**Task item**
In the material below, find the span from the line with "woman in military" to the line with "A new AC condenser" and transcribe only those lines, exactly, ends included, without the pictures.

**Data records**
- - -
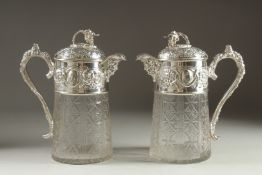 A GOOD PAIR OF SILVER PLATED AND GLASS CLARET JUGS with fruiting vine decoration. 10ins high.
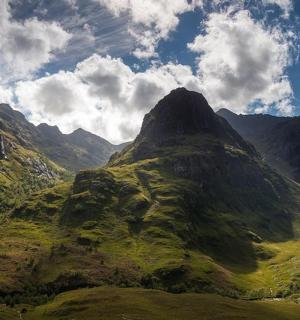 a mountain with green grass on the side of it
- - -
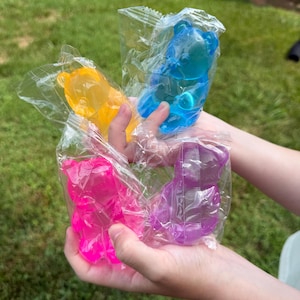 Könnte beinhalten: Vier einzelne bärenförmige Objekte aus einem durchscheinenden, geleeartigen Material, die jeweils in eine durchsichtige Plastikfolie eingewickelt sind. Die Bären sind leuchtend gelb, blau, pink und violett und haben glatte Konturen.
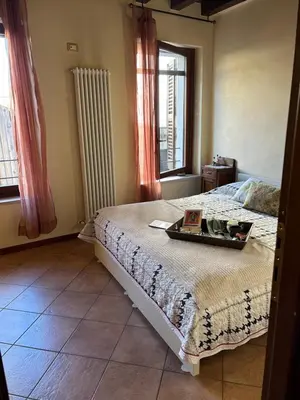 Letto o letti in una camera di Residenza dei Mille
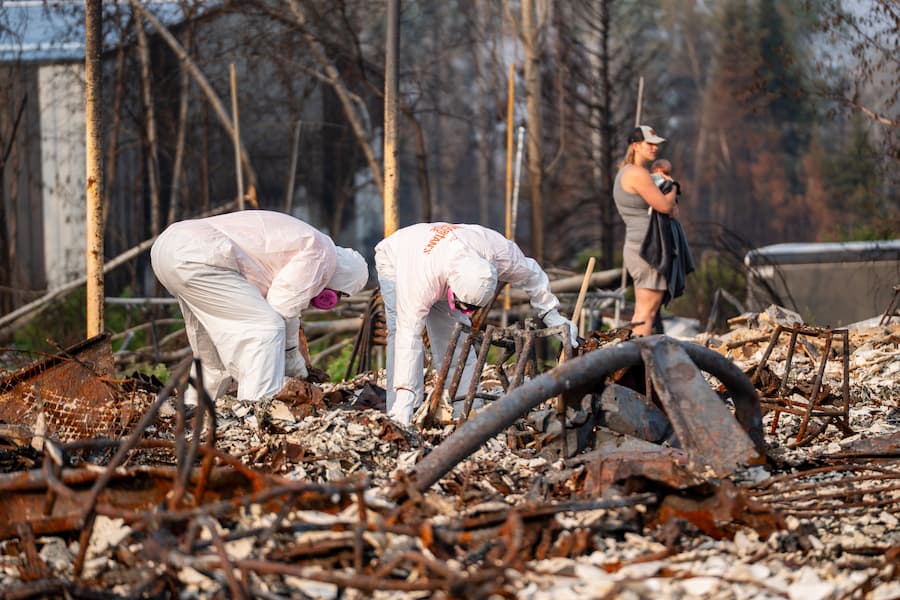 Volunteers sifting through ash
- - -
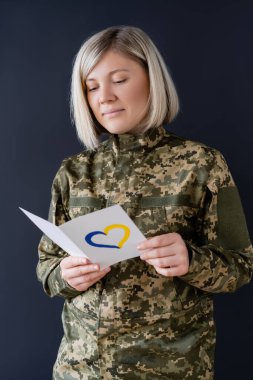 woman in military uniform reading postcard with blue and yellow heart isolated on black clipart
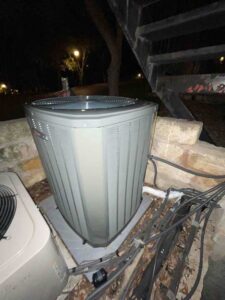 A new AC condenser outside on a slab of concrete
- - -
**Problem solution**
 woman in military uniform reading postcard with blue and yellow heart isolated on black clipart
 A new AC condenser outside on a slab of concrete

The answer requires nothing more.